[About this exercise] Where the line containing "Empresas cancelam programas" appears, start copying; continue through the last line below and copy nothing else.

Short descriptive text snippets

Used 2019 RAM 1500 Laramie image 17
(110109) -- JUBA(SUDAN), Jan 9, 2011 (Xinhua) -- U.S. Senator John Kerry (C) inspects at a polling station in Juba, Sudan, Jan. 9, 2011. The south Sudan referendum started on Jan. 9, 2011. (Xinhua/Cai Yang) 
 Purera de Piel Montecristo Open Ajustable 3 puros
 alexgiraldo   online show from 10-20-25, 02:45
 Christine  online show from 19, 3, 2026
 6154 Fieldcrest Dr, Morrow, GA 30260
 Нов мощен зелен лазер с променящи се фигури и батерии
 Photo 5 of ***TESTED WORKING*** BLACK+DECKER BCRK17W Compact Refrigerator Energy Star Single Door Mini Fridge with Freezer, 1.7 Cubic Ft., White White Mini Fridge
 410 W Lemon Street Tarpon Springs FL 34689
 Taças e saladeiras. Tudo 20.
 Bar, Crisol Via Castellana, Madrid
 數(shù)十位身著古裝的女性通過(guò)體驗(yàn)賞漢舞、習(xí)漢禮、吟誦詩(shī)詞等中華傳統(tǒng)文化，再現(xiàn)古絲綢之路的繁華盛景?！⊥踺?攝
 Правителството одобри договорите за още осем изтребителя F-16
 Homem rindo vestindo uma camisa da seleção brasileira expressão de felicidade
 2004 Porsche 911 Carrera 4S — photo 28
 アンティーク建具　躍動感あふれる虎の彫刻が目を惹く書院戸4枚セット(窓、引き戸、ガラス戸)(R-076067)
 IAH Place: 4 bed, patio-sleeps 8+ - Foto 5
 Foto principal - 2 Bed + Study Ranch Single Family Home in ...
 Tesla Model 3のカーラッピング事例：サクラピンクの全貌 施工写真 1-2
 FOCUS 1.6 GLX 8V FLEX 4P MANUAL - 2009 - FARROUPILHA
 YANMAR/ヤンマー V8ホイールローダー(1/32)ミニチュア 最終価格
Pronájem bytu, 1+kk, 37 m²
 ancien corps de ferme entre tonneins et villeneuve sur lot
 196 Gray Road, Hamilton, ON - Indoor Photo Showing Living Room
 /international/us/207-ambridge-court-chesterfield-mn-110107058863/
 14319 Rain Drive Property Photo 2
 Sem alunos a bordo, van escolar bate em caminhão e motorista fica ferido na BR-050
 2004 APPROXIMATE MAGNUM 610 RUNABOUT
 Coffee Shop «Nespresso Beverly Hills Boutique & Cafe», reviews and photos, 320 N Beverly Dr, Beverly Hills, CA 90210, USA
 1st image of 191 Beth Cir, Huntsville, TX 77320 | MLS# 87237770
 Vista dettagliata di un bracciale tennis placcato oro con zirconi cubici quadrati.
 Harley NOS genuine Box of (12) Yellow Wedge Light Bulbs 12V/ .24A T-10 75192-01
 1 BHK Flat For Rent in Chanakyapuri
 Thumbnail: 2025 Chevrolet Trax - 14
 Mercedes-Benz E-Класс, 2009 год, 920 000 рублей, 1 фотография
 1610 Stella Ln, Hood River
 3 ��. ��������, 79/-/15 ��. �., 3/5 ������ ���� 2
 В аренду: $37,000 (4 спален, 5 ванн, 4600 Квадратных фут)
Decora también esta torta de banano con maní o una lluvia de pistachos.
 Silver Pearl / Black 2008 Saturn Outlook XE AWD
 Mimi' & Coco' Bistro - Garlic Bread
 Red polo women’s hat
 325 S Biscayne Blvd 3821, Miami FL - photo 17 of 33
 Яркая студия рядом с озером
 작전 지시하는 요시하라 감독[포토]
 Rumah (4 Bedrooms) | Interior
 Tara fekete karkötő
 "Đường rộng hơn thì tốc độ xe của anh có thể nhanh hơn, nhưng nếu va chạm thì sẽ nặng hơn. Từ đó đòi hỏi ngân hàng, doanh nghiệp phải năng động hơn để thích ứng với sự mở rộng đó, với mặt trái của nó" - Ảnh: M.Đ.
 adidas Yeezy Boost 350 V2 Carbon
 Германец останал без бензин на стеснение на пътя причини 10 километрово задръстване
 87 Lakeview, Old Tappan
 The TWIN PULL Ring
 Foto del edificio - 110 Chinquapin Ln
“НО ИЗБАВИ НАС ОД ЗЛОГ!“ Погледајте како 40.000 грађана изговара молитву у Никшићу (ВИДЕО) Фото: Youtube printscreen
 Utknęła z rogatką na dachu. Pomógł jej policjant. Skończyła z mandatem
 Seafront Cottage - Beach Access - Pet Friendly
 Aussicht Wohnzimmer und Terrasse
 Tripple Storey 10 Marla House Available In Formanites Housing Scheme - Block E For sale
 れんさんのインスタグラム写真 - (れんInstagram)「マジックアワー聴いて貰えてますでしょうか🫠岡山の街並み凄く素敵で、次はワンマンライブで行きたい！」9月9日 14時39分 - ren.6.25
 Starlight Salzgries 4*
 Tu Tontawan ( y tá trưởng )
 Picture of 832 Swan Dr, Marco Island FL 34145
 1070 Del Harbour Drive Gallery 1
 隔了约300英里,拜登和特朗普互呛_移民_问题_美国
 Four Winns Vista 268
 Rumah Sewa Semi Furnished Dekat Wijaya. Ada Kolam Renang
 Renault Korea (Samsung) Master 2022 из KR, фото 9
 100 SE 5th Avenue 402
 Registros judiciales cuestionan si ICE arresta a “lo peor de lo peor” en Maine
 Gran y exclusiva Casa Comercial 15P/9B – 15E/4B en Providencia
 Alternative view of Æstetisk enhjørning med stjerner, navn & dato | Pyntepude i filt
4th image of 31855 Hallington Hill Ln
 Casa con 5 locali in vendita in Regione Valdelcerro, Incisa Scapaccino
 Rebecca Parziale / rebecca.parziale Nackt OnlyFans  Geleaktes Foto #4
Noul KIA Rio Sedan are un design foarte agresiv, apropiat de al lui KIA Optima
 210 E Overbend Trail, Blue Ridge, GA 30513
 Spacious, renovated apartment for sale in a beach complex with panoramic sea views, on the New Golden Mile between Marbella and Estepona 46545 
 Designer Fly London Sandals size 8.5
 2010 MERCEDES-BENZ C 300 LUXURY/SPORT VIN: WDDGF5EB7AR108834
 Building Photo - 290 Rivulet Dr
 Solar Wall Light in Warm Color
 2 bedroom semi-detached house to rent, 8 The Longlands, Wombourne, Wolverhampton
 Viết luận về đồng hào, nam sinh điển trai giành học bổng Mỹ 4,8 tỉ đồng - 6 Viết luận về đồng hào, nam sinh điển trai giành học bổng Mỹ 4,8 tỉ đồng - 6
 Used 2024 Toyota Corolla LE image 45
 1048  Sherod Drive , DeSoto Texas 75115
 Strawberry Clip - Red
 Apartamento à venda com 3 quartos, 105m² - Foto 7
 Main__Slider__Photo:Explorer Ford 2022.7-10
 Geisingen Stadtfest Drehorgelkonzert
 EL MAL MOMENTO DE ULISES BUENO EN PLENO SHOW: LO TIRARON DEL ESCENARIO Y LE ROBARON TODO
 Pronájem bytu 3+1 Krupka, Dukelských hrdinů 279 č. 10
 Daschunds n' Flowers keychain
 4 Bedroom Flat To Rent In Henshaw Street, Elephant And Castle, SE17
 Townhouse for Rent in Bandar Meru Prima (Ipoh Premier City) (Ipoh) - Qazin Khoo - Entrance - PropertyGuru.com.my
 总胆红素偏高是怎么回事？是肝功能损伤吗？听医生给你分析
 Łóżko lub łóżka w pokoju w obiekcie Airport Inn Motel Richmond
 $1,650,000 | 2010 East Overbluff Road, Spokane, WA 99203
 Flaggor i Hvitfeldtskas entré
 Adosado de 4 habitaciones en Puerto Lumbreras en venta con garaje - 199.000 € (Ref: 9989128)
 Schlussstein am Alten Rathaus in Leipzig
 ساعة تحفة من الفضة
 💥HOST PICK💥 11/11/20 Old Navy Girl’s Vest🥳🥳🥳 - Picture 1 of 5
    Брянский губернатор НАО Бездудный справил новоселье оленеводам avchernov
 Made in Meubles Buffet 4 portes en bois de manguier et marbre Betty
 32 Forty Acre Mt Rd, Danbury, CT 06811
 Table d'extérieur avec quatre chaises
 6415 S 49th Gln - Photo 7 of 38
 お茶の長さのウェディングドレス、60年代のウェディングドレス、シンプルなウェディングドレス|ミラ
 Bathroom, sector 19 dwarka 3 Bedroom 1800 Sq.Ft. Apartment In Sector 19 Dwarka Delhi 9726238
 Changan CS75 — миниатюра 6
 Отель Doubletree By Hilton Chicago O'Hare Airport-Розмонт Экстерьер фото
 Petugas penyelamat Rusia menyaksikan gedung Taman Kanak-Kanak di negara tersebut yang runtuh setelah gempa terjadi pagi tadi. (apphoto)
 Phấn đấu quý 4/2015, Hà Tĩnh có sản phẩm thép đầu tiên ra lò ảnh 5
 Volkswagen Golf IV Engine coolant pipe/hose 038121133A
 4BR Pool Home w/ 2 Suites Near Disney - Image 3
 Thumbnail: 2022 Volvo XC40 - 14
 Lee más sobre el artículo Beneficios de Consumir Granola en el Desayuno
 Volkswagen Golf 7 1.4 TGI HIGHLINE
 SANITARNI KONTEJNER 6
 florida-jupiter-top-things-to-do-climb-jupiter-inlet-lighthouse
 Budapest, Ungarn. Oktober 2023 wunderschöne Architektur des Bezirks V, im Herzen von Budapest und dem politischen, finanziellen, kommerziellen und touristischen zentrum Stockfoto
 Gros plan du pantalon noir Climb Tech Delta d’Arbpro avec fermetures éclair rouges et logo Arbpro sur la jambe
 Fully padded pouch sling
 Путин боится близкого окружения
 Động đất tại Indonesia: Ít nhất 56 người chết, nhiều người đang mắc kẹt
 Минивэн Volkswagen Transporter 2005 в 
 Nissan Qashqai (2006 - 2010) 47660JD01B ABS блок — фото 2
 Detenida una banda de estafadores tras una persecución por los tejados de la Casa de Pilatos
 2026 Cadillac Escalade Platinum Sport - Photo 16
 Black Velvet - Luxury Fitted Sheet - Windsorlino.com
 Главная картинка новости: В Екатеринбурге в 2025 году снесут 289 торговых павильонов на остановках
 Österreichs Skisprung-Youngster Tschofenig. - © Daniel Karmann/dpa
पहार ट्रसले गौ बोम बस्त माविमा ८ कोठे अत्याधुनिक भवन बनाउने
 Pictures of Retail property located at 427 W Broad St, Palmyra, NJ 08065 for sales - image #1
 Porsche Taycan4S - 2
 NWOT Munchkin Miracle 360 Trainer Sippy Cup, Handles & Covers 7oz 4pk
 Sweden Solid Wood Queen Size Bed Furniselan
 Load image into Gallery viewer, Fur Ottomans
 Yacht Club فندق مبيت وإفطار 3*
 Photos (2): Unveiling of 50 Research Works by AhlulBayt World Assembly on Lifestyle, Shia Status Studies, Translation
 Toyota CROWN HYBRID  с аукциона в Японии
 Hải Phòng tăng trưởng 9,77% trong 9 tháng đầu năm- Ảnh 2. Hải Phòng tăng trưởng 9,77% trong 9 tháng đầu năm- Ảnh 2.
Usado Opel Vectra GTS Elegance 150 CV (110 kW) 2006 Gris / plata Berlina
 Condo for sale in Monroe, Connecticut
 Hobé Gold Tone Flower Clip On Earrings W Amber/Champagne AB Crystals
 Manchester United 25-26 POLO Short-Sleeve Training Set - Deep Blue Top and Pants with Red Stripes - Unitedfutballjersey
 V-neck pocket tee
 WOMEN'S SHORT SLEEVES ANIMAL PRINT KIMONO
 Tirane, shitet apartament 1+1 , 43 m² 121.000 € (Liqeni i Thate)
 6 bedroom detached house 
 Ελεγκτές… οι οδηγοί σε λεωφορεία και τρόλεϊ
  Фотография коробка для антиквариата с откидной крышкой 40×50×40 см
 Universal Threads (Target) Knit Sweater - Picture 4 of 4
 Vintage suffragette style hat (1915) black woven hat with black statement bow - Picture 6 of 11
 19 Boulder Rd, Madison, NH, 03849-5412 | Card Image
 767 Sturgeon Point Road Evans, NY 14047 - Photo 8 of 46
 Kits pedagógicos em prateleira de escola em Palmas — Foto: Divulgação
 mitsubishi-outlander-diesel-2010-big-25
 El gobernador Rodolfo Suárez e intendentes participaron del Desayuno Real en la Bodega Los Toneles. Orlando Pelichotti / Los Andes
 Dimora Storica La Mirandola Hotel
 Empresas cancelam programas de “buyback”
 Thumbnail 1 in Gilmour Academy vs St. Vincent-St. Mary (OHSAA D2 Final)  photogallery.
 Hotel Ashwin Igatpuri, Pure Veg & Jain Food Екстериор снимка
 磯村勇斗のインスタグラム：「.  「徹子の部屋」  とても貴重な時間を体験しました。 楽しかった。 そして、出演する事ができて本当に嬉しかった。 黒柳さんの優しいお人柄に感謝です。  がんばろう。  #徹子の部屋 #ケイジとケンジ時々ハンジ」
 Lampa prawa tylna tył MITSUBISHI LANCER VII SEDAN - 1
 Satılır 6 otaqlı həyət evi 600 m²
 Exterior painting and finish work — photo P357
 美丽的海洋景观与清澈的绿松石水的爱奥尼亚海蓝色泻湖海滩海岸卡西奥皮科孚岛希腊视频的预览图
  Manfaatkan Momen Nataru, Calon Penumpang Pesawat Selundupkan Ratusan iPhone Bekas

[Task solution]
 Empresas cancelam programas de “buyback”
 Thumbnail 1 in Gilmour Academy vs St. Vincent-St. Mary (OHSAA D2 Final)  photogallery.
 Hotel Ashwin Igatpuri, Pure Veg & Jain Food Екстериор снимка
 磯村勇斗のインスタグラム：「.  「徹子の部屋」  とても貴重な時間を体験しました。 楽しかった。 そして、出演する事ができて本当に嬉しかった。 黒柳さんの優しいお人柄に感謝です。  がんばろう。  #徹子の部屋 #ケイジとケンジ時々ハンジ」
 Lampa prawa tylna tył MITSUBISHI LANCER VII SEDAN - 1
 Satılır 6 otaqlı həyət evi 600 m²
 Exterior painting and finish work — photo P357
 美丽的海洋景观与清澈的绿松石水的爱奥尼亚海蓝色泻湖海滩海岸卡西奥皮科孚岛希腊视频的预览图
  Manfaatkan Momen Nataru, Calon Penumpang Pesawat Selundupkan Ratusan iPhone Bekas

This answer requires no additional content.